Cardiff Quins RFC
- Full name: Cardiff Quins Rugby Football Club
- Nickname: Cardiff Harlequins
- Founded: 1928
- Location: Cardiff, Wales
- Ground: Diamond Ground
- President: Phil Judd
- Coach(es): Andrew Price, Mark Wysocki, Chadd Mutyambizi, Paul Newman
- League: WRU Division Four East
- 2011/12: 1st
| Team kit |

Official website
- www.chsobrfc.co.uk

= Cardiff Quins RFC =

Welsh rugby union club

Cardiff Quins Rugby Football Club is a Welsh rugby union club based in Cardiff in Wales. The club is a member of the Welsh Rugby Union and is a feeder club for the Cardiff Blues.

Cardiff Quins RFC owe their creation from student pressure to play the game of rugby in Cardiff High School where football (soccer) had been the sport of choice. In 1921 a rugby game was played between the Old Boys and a school XV. They played for two seasons but were disbanded after the loss of their playing field.

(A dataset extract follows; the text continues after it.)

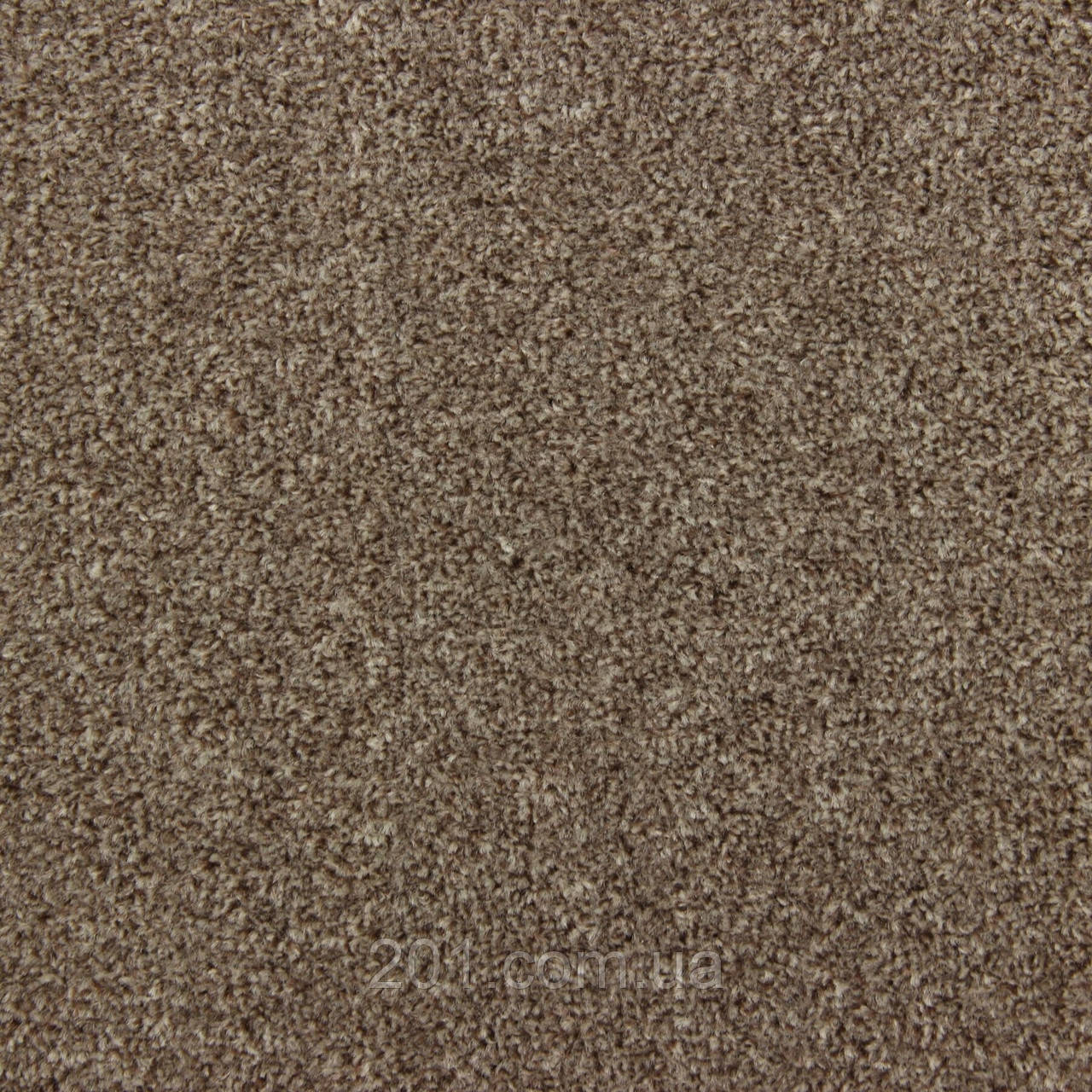 Ковролін AW Terra Heathers 49 - ширина 4 метри /безкоштовна доставка/, фото 1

In 1928 the team was reformed when a new playing ground was made available, and it is this date that the team take as their founding year. Their first match was surprisingly against the far more experienced and grounded Cardiff RFC at the Cardiff Arms Park. As with all clubs in Wales the team disbanded during both World War periods but have been playing continuously from 1928. Originally the club only selected former students from Cardiff High School, but open membership was allowed in 1966.